Description of the task:
Starting at the line that contains "Tailgate/trunk/boot lid", write out each line through the end of the data below, exactly as it stands. Skip any pictures.

Start of Available data

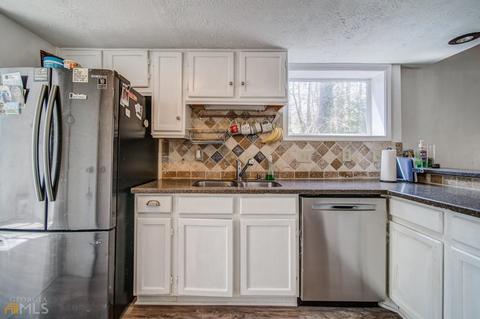 3070 Meadow Mere W, Chamblee, GA 30341 photo 7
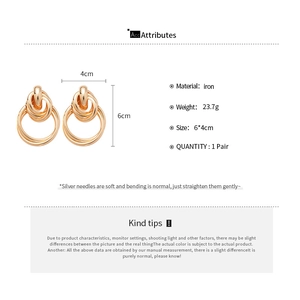 Fiche technique détaillée des boucles d'oreilles créoles dorées nouées avec dimensions 6x4 cm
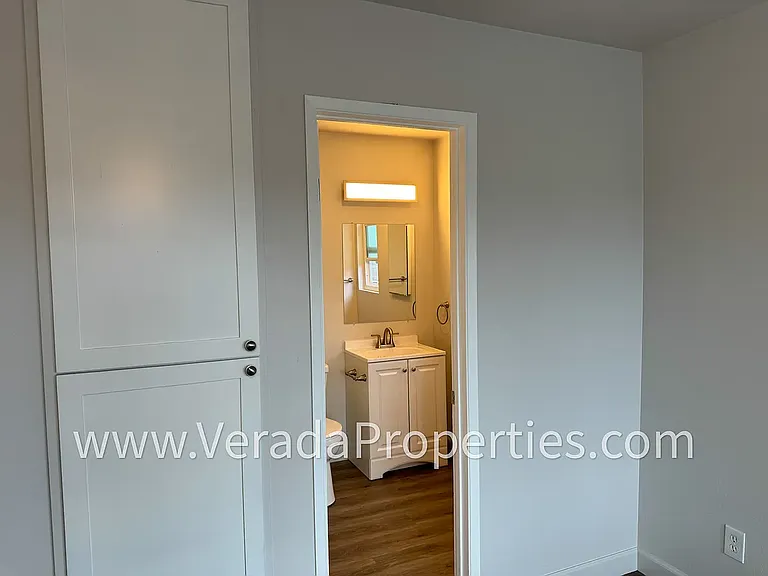 4336 Estrella Ave #5 — Photo 10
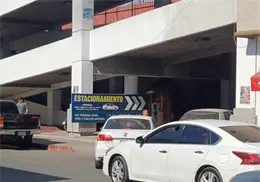 Llama a usar estacionamiento de Mercajeme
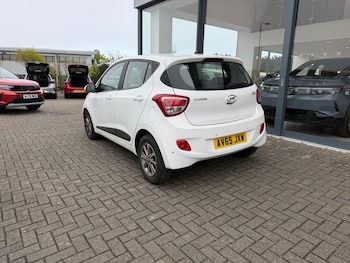 Used Hyundai i10 2015 for sale - 78286986: Photo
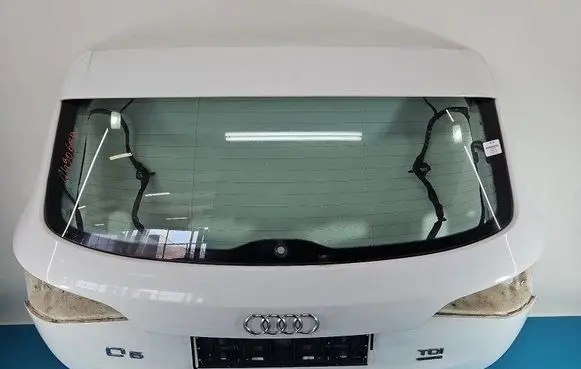 Tailgate/trunk/boot lid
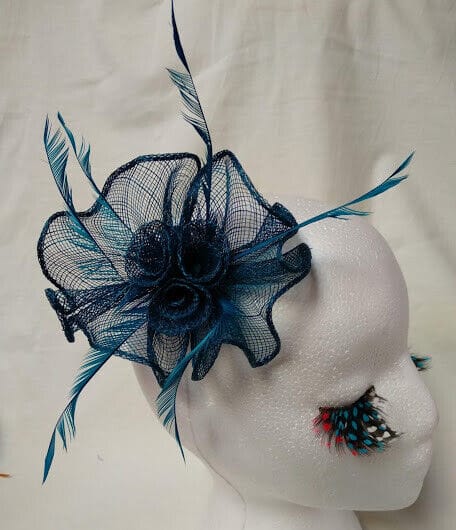 Tocado broche para ceremonia mujer combinado rafia y plumas azul turquesa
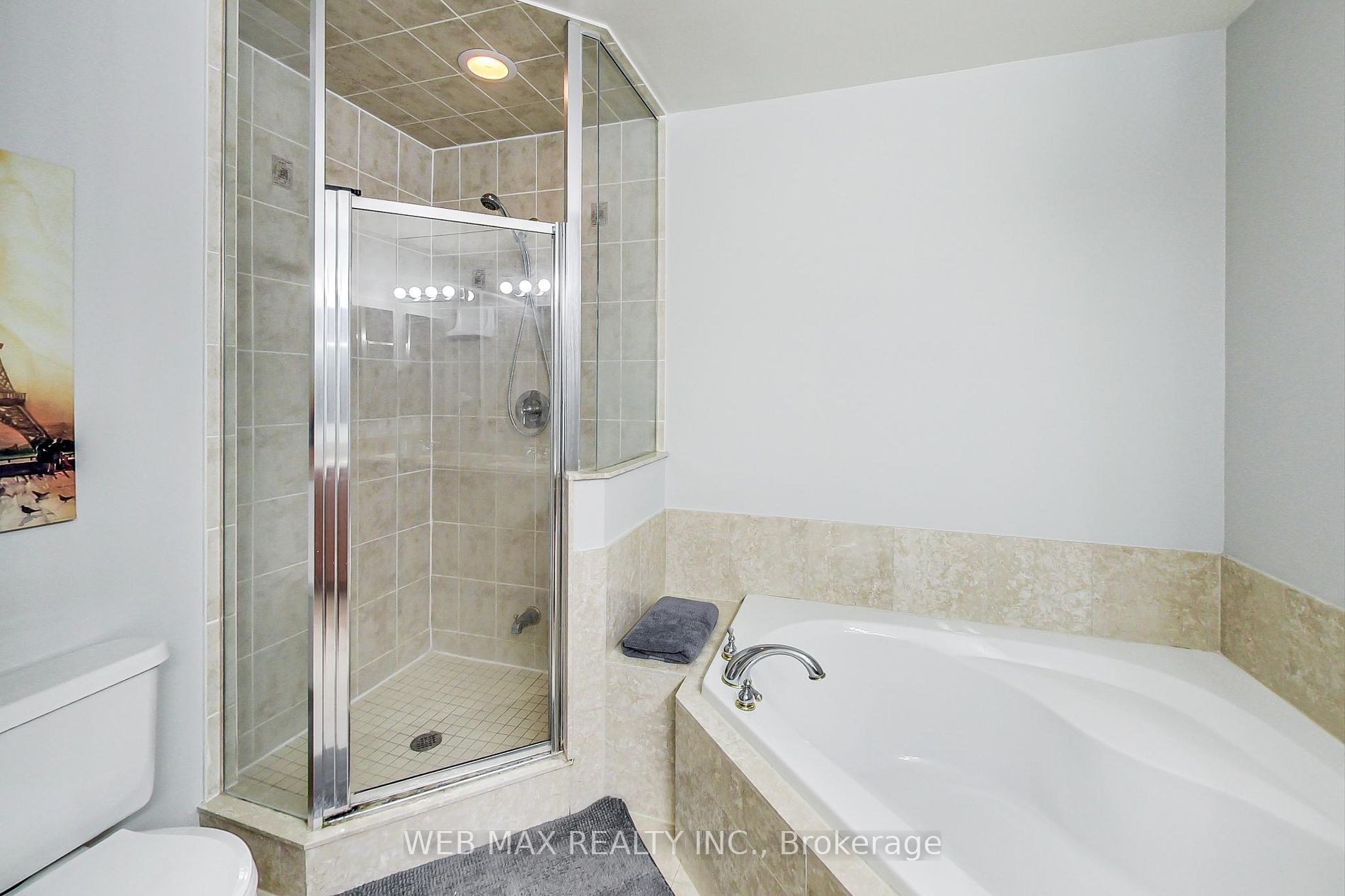 5233 Dundas St W, #2318
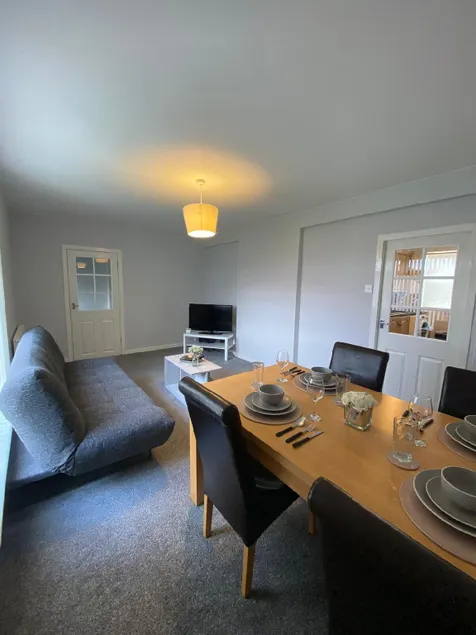 3 bed house Roughland house Falkirk Bridgecity - Image 1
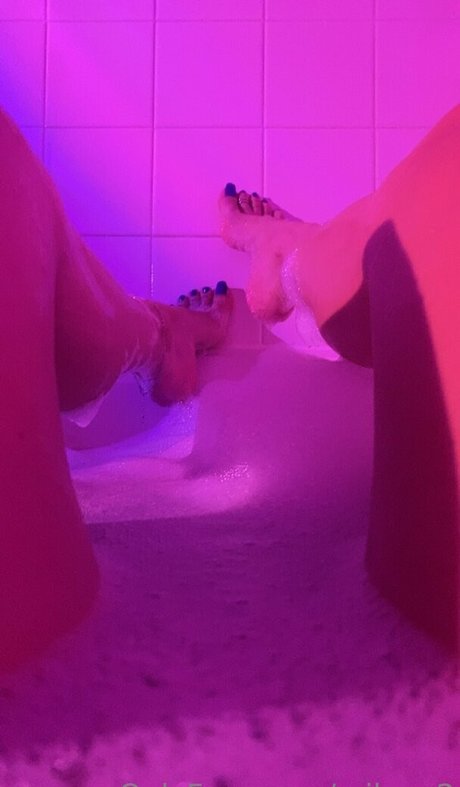 milaap2 modelo desnudo foto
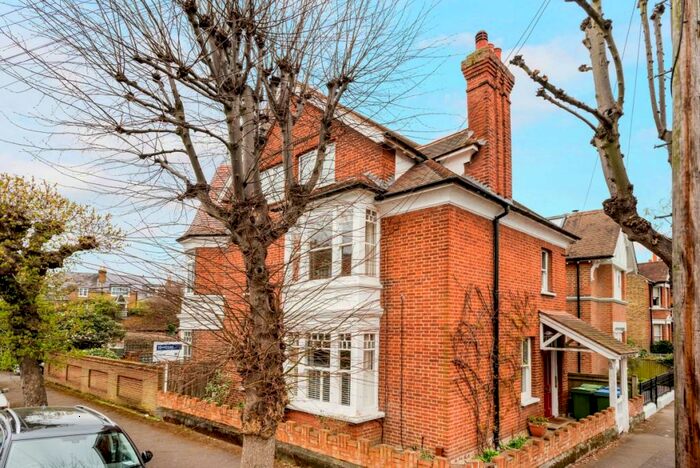 1 Bedroom Flat To Rent In Feltham Avenue, East Molesey, KT8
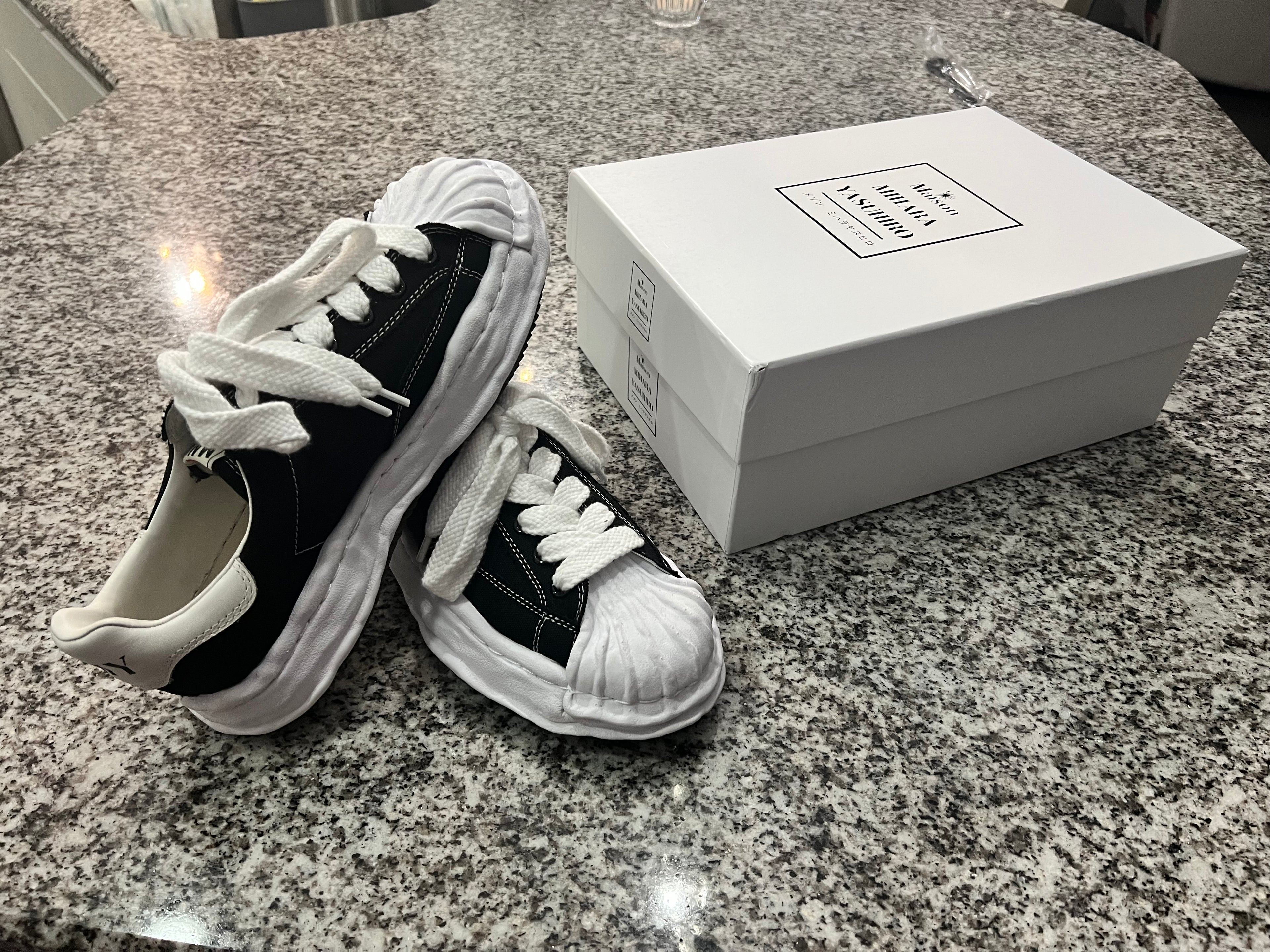 Maison mahara size 10 men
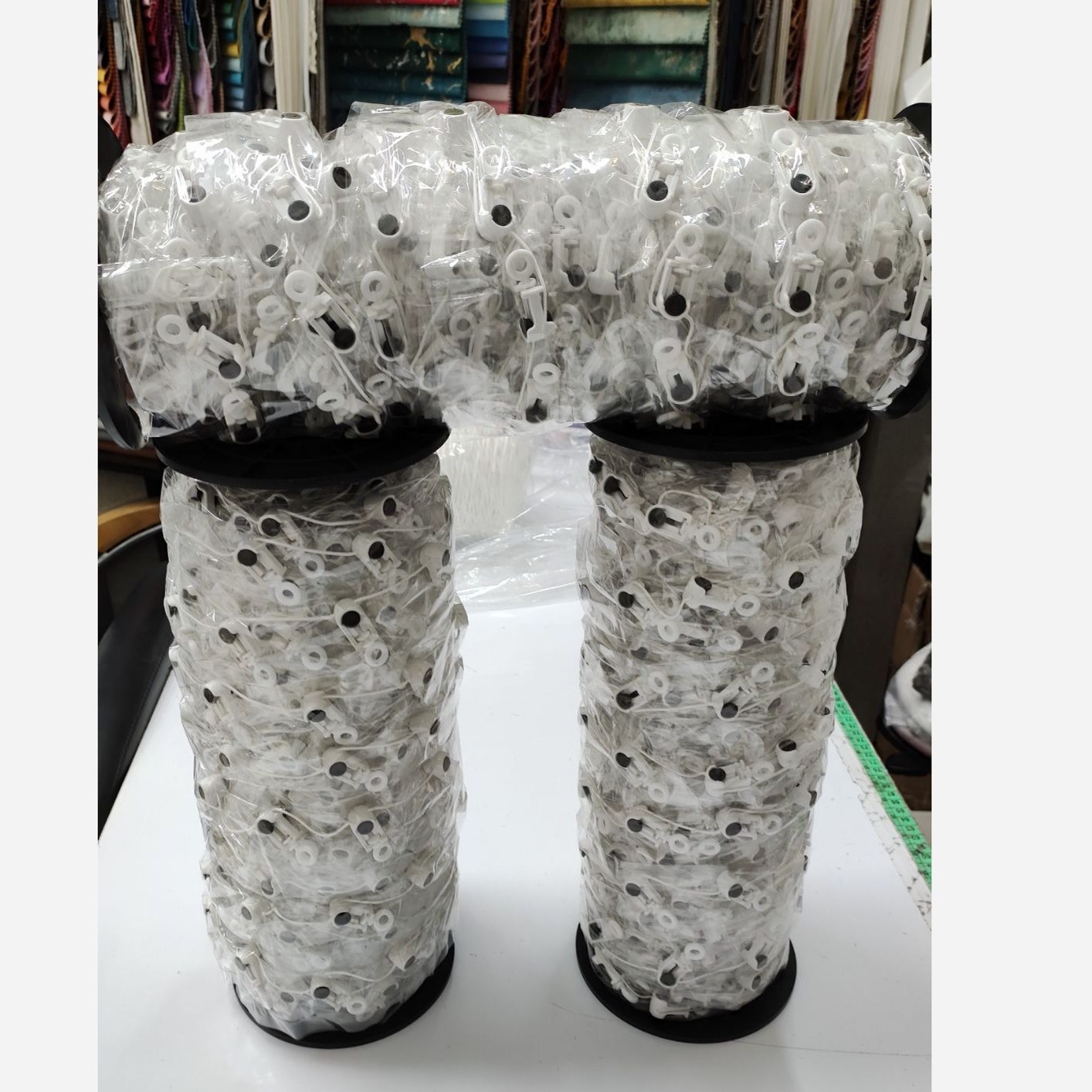 گیره مینیمال چرخدار برای چوب پرده ساده
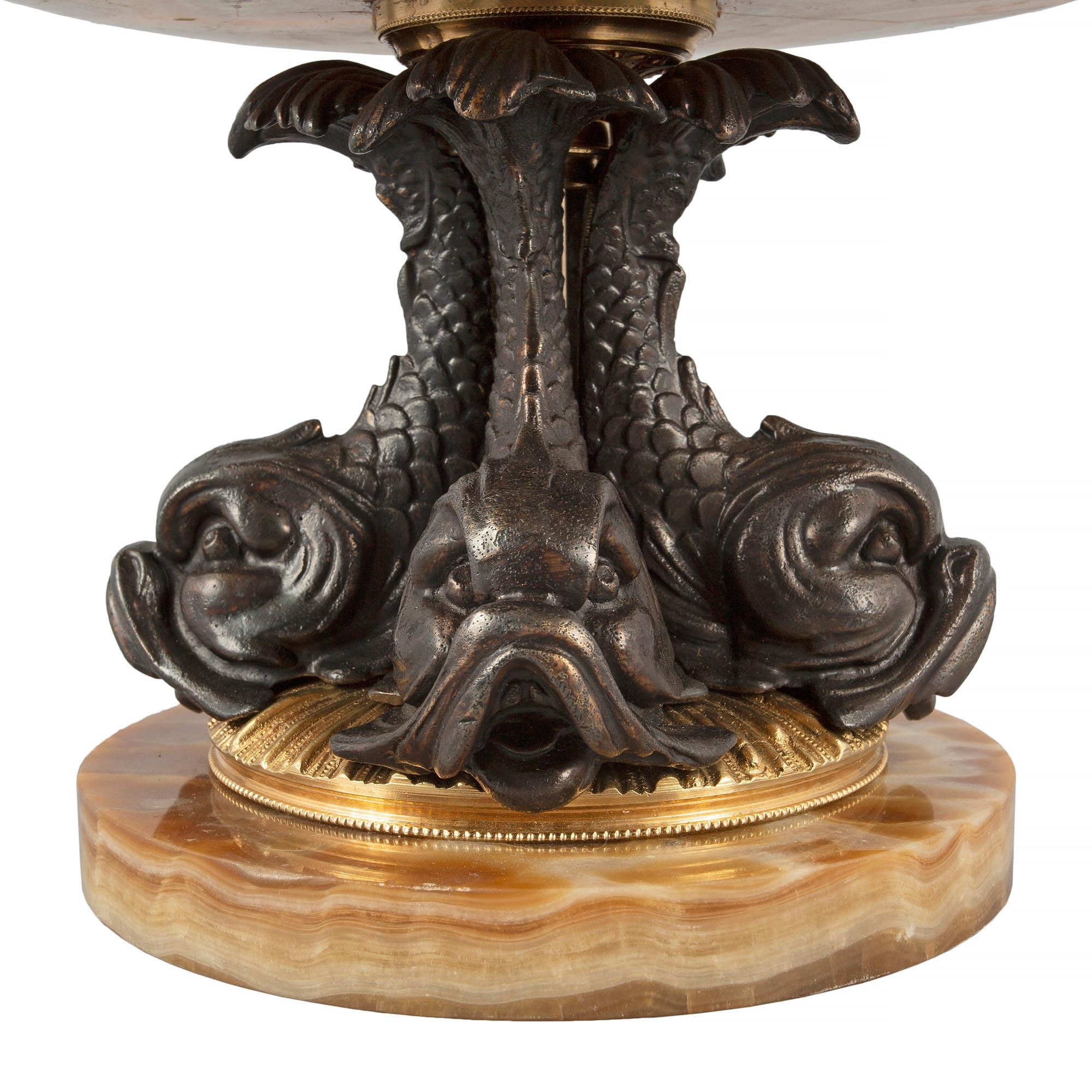 Bronze Centre de table italien du milieu du XIXe siècle en bronze, bronze doré et albâtre Fiorito en vente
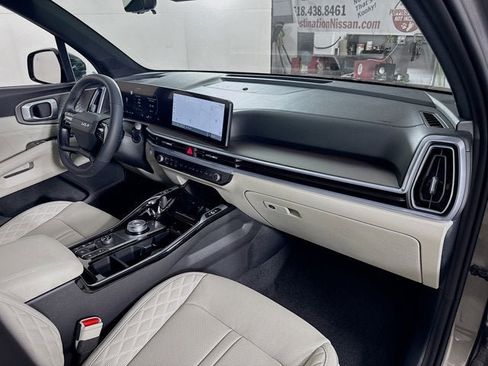 New 2026 Kia Sorento SX Prestige AWD/4WD image 31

End of Available data

Answer section:
 Tailgate/trunk/boot lid
 Tocado broche para ceremonia mujer combinado rafia y plumas azul turquesa
 5233 Dundas St W, #2318
 3 bed house Roughland house Falkirk Bridgecity - Image 1
 milaap2 modelo desnudo foto
 1 Bedroom Flat To Rent In Feltham Avenue, East Molesey, KT8
 Maison mahara size 10 men
 گیره مینیمال چرخدار برای چوب پرده ساده
 Bronze Centre de table italien du milieu du XIXe siècle en bronze, bronze doré et albâtre Fiorito en vente
 New 2026 Kia Sorento SX Prestige AWD/4WD image 31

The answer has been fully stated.